# Maiden Voyage...Drifting Seminole for blues



## skiff89_jr (Apr 1, 2011)

Took my new (to me) G3 out today on Seminole with a buddy who is an "expert" bluecat fisherman. Wins many of the Apalachicola Catfish Tournaments by catching blues. So today we took my boat out on Lake Seminole with the intent to drift and drag for bluecats.

Ronnie went below the dam this morning and tried to catch some skipjack with no luck. However, he did net some decent gizzard shad that we used for bait.
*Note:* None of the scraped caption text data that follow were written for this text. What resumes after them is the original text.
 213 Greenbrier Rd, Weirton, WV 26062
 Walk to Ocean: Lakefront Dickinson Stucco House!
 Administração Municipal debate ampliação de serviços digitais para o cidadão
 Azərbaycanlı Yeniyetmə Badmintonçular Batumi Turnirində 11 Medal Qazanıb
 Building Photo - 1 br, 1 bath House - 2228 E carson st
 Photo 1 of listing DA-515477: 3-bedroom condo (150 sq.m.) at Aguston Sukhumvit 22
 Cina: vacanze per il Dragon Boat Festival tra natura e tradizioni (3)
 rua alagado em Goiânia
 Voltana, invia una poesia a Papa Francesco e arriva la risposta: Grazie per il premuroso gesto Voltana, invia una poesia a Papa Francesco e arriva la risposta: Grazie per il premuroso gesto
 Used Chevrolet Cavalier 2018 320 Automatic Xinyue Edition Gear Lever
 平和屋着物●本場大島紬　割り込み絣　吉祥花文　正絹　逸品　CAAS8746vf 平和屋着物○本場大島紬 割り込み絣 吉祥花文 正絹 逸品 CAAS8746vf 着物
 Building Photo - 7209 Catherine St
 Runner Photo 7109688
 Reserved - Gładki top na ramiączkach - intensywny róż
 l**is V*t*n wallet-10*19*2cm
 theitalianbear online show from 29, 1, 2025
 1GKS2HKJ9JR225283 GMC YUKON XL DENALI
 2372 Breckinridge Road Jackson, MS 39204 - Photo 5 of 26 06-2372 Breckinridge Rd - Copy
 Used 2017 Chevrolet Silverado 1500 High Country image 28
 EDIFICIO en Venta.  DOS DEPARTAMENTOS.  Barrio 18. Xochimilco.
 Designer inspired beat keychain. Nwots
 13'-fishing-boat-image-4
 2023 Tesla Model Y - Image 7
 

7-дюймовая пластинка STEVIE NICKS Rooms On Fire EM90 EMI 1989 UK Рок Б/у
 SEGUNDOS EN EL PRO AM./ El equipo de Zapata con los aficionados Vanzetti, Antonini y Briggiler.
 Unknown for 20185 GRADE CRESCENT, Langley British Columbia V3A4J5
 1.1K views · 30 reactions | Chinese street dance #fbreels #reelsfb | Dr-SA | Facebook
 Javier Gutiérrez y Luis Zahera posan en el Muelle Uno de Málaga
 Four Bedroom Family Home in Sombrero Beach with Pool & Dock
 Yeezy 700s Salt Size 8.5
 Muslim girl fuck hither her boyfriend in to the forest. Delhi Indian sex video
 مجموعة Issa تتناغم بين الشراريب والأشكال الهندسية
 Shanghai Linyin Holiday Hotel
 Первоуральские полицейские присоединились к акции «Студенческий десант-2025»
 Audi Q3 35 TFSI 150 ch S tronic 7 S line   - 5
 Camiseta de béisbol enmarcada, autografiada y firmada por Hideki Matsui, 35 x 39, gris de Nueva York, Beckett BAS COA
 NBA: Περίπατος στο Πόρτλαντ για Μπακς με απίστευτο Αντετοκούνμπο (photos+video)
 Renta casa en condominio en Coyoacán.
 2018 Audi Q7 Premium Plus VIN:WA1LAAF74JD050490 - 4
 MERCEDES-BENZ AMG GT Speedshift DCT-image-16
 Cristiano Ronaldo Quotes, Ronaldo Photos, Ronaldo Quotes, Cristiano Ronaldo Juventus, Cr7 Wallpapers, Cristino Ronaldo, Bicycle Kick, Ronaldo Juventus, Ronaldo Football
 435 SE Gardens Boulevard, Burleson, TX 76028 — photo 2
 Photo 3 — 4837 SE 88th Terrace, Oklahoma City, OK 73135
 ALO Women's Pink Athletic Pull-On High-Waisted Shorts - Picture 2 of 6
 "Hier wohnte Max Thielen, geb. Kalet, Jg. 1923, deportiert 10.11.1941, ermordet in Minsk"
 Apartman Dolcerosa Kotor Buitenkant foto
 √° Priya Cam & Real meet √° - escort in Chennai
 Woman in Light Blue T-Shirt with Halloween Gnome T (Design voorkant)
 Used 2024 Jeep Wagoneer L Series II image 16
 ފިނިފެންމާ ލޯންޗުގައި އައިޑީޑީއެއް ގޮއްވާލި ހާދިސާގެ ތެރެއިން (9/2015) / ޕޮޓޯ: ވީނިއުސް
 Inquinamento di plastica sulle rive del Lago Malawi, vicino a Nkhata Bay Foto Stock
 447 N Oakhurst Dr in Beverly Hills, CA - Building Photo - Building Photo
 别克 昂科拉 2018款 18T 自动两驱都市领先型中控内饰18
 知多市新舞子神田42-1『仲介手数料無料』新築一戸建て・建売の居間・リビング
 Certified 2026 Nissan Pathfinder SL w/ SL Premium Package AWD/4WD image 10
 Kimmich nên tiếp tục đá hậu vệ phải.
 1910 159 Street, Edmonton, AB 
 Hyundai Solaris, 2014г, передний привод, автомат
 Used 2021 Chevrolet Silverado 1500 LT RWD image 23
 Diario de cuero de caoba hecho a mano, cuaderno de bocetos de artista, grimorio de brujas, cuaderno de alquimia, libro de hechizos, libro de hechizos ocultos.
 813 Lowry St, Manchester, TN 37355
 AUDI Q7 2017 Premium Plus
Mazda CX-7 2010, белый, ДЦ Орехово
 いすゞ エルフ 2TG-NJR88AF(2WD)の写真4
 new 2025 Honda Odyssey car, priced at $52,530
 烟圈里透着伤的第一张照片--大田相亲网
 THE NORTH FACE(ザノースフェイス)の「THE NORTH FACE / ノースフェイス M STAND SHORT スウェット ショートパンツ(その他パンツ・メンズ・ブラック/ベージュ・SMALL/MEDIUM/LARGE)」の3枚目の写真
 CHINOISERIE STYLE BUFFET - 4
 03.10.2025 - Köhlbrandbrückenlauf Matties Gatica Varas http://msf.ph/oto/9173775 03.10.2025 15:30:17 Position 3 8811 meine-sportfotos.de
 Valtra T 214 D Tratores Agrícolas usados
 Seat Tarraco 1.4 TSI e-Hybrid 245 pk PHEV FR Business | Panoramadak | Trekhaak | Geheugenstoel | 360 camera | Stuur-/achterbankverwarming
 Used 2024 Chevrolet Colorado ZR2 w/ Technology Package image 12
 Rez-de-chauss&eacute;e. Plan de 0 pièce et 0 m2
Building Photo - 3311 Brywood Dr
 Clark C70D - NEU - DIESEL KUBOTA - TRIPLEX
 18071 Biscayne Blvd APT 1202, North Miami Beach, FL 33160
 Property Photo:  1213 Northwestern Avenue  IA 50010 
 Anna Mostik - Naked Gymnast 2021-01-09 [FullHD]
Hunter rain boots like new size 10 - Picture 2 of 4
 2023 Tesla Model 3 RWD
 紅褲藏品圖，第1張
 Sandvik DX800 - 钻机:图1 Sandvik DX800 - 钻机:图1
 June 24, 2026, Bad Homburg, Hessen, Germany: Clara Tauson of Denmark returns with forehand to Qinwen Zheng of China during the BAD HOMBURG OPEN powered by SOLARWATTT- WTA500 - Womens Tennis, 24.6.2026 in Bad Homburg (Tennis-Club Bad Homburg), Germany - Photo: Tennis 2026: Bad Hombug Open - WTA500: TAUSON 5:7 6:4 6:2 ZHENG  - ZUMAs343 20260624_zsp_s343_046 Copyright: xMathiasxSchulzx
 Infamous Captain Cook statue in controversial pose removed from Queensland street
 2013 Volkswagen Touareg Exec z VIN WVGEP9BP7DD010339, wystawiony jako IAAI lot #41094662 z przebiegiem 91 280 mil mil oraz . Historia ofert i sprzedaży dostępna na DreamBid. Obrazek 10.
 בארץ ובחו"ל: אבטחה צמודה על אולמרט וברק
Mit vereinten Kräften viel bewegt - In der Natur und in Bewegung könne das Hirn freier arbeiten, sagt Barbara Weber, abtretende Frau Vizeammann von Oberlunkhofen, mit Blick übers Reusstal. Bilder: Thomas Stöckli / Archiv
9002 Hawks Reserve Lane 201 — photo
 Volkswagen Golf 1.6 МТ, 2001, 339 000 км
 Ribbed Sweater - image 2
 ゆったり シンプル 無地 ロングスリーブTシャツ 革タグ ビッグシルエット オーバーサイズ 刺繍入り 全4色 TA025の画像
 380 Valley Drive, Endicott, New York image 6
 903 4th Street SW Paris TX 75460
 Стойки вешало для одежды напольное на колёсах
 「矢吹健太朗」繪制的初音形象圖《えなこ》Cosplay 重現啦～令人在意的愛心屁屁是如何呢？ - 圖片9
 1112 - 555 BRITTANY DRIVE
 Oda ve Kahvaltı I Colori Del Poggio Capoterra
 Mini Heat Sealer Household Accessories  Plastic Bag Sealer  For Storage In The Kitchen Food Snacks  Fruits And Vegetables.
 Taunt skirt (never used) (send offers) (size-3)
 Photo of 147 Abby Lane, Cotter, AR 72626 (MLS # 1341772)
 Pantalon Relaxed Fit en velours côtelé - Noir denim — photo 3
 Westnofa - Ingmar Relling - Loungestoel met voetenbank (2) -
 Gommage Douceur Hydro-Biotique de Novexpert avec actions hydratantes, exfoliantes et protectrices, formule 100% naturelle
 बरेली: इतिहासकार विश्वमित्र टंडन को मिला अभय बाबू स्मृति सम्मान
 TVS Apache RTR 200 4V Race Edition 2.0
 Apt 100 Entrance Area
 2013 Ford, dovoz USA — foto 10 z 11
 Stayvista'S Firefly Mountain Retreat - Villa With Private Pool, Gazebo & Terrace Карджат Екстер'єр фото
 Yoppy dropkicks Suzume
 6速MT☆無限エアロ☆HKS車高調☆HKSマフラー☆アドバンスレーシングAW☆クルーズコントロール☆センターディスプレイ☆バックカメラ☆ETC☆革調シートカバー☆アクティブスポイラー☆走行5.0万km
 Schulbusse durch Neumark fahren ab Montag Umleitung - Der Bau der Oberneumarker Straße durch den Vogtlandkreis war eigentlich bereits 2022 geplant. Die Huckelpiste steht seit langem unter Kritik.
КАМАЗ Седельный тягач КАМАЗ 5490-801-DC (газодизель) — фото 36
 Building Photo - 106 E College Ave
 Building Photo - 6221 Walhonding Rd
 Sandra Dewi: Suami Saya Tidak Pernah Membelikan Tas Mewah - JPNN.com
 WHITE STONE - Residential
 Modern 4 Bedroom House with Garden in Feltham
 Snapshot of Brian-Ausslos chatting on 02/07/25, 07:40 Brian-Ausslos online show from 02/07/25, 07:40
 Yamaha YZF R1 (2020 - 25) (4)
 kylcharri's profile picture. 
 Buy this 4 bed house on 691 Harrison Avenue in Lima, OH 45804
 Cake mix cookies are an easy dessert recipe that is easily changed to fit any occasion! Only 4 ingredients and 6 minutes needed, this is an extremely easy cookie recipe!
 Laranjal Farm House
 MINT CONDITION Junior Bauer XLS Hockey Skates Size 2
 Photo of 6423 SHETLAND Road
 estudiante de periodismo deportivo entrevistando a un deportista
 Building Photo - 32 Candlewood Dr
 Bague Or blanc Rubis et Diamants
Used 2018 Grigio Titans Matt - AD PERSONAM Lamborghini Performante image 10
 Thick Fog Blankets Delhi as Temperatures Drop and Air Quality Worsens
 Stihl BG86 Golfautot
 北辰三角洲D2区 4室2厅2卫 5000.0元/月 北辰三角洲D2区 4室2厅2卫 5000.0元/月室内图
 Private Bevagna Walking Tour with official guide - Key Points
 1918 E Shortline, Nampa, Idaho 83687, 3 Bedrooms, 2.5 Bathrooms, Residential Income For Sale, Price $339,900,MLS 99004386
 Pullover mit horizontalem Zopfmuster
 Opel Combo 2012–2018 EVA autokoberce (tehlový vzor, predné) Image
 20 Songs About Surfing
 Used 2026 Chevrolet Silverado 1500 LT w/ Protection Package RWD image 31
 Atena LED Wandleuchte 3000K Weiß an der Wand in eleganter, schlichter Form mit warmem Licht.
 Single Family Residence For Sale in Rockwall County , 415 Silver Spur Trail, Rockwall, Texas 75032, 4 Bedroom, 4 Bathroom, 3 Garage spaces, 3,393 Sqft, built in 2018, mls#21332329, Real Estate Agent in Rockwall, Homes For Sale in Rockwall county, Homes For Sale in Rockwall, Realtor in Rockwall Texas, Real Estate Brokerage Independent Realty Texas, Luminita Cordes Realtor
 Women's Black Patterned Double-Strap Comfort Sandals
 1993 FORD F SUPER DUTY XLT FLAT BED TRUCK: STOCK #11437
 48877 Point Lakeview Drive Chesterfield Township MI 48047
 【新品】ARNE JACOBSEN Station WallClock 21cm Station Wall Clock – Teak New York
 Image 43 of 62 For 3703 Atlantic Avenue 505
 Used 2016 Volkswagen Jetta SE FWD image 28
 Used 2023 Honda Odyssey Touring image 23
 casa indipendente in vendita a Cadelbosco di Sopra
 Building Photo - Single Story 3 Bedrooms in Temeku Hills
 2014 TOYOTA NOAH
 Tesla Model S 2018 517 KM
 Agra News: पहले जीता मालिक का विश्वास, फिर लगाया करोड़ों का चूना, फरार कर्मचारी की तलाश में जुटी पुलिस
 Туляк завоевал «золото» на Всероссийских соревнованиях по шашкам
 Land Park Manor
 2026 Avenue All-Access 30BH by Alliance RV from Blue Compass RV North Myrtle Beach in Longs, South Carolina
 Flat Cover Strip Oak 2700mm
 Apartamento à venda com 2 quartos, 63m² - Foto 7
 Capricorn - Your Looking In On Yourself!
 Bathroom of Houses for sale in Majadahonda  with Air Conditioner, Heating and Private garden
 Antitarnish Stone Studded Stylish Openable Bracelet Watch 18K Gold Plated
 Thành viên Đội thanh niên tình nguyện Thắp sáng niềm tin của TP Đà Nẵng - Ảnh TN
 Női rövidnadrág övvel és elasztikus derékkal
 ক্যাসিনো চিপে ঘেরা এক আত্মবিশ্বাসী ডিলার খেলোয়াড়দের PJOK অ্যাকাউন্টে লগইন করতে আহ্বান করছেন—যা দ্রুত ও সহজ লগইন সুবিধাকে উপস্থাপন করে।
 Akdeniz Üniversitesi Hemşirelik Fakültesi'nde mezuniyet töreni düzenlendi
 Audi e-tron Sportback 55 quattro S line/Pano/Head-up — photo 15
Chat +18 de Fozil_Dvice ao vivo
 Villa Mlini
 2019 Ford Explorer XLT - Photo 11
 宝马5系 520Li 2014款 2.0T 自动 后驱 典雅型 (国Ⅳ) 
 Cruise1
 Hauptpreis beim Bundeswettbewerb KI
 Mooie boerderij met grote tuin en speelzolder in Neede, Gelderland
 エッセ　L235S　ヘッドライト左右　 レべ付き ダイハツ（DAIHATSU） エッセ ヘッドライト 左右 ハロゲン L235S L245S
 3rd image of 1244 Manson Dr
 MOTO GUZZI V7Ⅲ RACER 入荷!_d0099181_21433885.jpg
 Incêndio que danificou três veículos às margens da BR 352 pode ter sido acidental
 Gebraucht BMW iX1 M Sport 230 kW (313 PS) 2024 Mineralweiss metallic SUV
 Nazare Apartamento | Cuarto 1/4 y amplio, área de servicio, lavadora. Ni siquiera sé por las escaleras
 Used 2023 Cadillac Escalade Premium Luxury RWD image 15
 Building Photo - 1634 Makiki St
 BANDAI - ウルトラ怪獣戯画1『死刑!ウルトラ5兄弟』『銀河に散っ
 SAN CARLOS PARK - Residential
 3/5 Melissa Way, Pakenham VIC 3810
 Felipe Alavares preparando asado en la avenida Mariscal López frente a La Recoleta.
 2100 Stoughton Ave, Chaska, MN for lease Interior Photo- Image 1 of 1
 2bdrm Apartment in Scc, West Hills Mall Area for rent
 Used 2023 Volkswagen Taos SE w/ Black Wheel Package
Dropped the poles down about 2pm. Caught a small channel (he inhaled a 10/0 circle and chunk of shad) right off the bat and then around 3 we doubled up with 2 30lb class fish. *Scale broke so all fish were estimates.* That was a quick adrenaline rush. Before we could get those two lines back in the water we had another line screaming drag. Bam, this time a 40lb class fish. Fished around this same area until 4:30 with a few other small fish and a few bites. Left and tried another area and just before dark we caught several other fish including my new personal best bluecat, a 40lber.

So 2-40lb and 2-30lb and countless small fish. I think this new boat has set the bar high! I don't know that I can keep up.

All fish were released to fight another day. We drifted at .5mph btw. 

I've got quite the catfish rig, now I just gotta to figure out how to make her crappie friendly. Gonna have to add a set of crappie rod holders soon.


----------



## skiff89_jr (Apr 1, 2011)

Forgot a major part of our day...we broke the net on that first 40lber we tried to bring over the boat :clap:


----------



## JoeyWelch (Sep 25, 2009)

Nice. Love the big blues.


----------



## Bigdady (Mar 5, 2009)

Nice boat, I like it. I own a 16ft Duramax with a 70 Yamaha. Its 2001 and ive had real good luck with it. Nice cats...


----------



## Bodupp (Oct 3, 2007)

Oh my, my. Oh hell yes. Congrats on your personal best. :thumbsup:


----------



## Jason (Oct 2, 2007)

Yessir awesome maiden voyage brother. Definitely a fine trip!


----------



## FishWalton (Jul 22, 2010)

Great report and love the boat, but I don't think it was skill that turned the trick....It's those beards you guys wear that put the mojo on those cats.:thumbup:


----------



## skiff89_jr (Apr 1, 2011)

fishwalton said:


> Great report and love the boat, but I don't think it was skill that turned the trick....It's those beards you guys wear that put the mojo on those cats.:thumbup:


If that's the case then I may not be shaving for awhile lol


----------



## JoeyWelch (Sep 25, 2009)

skiff89_jr said:


> If that's the case then I may not be shaving for awhile lol


I haven't shaved in 8 month's and still strike out some days. 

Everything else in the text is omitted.